- [The task]:
Return the lines exactly as they stand, from the first of the material through the line containing "1 dormitorio Trakiya, Plovdiv 1".

- [Data for this task]:
○ ○ ○ ○
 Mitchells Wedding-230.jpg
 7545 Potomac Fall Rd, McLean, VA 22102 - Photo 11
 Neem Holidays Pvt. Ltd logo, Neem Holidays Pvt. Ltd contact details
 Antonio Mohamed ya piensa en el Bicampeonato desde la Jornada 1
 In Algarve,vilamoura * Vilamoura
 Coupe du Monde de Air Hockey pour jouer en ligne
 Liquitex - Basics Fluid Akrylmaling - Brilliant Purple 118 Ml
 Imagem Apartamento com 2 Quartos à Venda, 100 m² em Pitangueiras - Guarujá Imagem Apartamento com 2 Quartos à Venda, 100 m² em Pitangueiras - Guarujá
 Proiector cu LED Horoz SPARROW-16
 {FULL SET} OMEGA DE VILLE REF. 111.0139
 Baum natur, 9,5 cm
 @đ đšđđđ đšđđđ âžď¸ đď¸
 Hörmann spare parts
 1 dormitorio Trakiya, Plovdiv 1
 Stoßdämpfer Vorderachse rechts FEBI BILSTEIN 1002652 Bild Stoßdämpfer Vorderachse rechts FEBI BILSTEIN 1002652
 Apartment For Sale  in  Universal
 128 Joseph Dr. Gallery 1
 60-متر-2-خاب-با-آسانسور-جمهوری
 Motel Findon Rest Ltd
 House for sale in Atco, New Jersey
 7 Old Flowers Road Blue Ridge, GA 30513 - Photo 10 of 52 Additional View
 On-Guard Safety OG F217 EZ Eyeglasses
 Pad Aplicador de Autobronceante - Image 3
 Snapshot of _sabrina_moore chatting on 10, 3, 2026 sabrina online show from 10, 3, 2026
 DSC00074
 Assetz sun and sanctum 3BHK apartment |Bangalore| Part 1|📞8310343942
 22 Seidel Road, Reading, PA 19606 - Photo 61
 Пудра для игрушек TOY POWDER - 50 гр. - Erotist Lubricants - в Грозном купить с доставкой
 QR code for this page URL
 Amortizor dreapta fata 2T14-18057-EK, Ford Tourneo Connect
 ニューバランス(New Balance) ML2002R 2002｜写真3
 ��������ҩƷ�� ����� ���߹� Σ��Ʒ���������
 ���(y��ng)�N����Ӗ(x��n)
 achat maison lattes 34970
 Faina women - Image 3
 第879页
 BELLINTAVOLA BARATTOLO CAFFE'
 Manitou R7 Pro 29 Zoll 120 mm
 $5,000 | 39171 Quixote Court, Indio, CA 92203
○ ○ ○ ○
- [Output for this exercise]:
 Mitchells Wedding-230.jpg
 7545 Potomac Fall Rd, McLean, VA 22102 - Photo 11
 Neem Holidays Pvt. Ltd logo, Neem Holidays Pvt. Ltd contact details
 Antonio Mohamed ya piensa en el Bicampeonato desde la Jornada 1
 In Algarve,vilamoura * Vilamoura
 Coupe du Monde de Air Hockey pour jouer en ligne
 Liquitex - Basics Fluid Akrylmaling - Brilliant Purple 118 Ml
 Imagem Apartamento com 2 Quartos à Venda, 100 m² em Pitangueiras - Guarujá Imagem Apartamento com 2 Quartos à Venda, 100 m² em Pitangueiras - Guarujá
 Proiector cu LED Horoz SPARROW-16
 {FULL SET} OMEGA DE VILLE REF. 111.0139
 Baum natur, 9,5 cm
 @đ đšđđđ đšđđđ âžď¸ đď¸
 Hörmann spare parts
 1 dormitorio Trakiya, Plovdiv 1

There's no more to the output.